The Gentiles -- Latin gentilis from gens, gentis

[Goy, -im: TRILITERAL: gwy. DEFINITION: (Central Semitic noun *gy-) tribe. Goy, from Hebrew gôy, nation people (usually, and later exclusively, of non-Israelite, and then non-Jewish]
DAMASUS (3??- 383) -- Pope from 366-383, commissioned Jerome.   He had to overcome the first known "anti-Pope" (Ursinus), and was accused of being worldly (even adultery), criminal (murder), and ridden with peccadilloes.

But he commissioned Jerome's Vulgate, set a calligrapher to work engraving epigrams in tombs and catacombs, and embellished and enriched churches.

First known Bishop of Rome to invoke the "Petrine text" -- (Mathew 16:18--"thou art Peter and upon this Rock I build my Church").  
More info:

http://www.newadvent.org/cathen/04613a.htm

http://www.wikipedia.org/wiki/Pope_Damasus_I

http://www.ewtn.com/library/MARY/DAMASUS.htm

http://www.ccel.org/w/wace/biodict/htm/iii.xxi.v.htm
 
 

AMBROSE (339-397) -- Bishop of Imperial Milan, unbendingly Orthodox, humiliated Theodosius, music man, converted Augustine

[Note 1: During his Tenure, the Western Empire court settled in Milan (Gratian, then Valentinian 2)].
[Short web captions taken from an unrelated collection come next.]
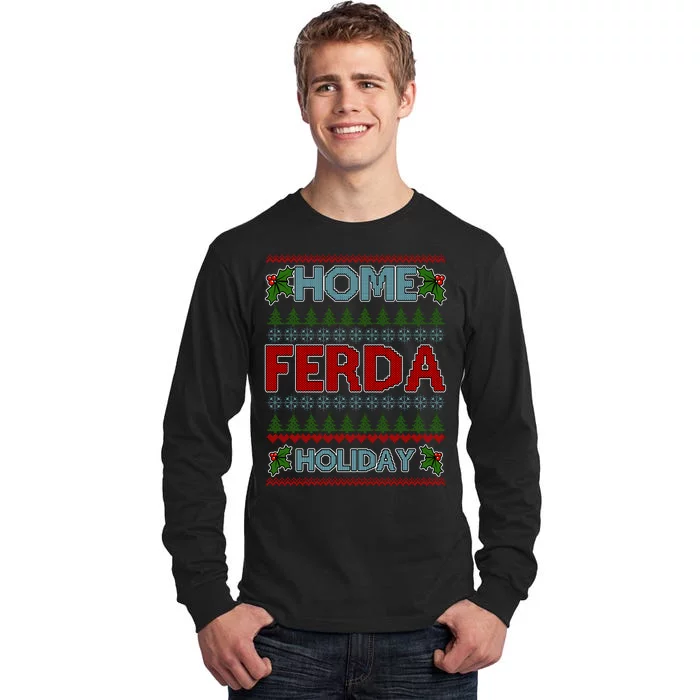 Home Freda Holiday Ugly Christmas Sweater Tall Long Sleeve T-Shirt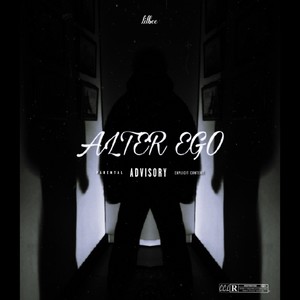 Alter Ego (Explicit)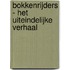 Bokkenrijders - het uiteindelijke verhaal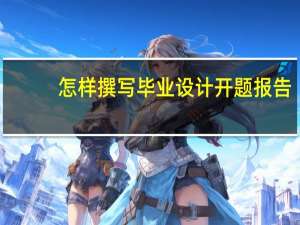怎样撰写毕业设计开题报告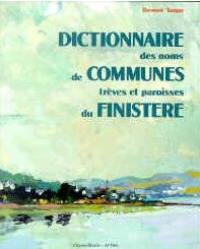 Dictionnaire des noms de communes, trèves et paroisses du Finistère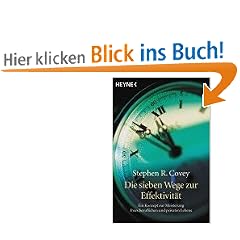 Die sieben Wege zur Effektivit�t. Ein Konzept zur Meisterung Ihres beruflichen und privaten Lebens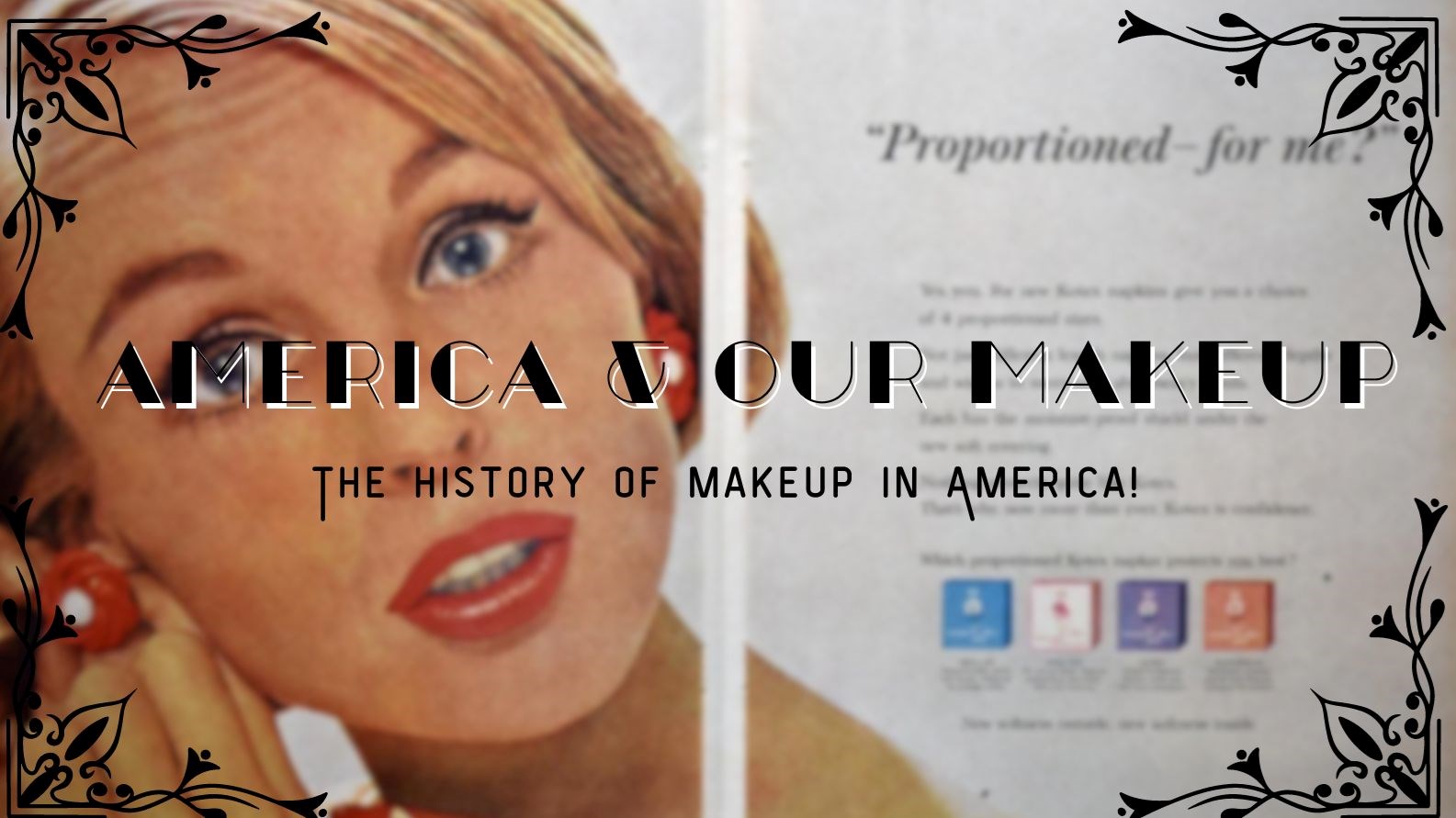 Spotlight - Special Interest America and Our Makeup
[Note 2: Arianism, the first of the great "heresies", defined Christ (according to its "orthodox" enemies) as a second, inferior god standing midway between the "First Cause" and creatures. The Council of Nicea condemned Arianism and the Nicene Creed is the expression of the "orthodox" and what became the "Catholic" view. See http://www.newadvent.org/cathen/01707c.htm and https://en.wikipedia.org/wiki/Arianism for more info.]

Ambrose defined differences between Orthodoxy and Arianism -- public relations and manifestations prevented imperial (Valentinian) efforts to allow/order debate between the two streams.

Ambrose was clearly anti-liberal -- no reason to debate with Arians -- and even argued that violence was justified in defense of faith.

Some writings were clearly "anti-Semitic": this was many centuries before the Church announced (at Vatican 2, 1962-65) that what the Gospels clearly said about responsibility of Jews for Christ's death was not what they meant. [Keep in mind that this issue is still current: Mel Gibson's movie on the life of Christ is said to, once again, blame the Jews.]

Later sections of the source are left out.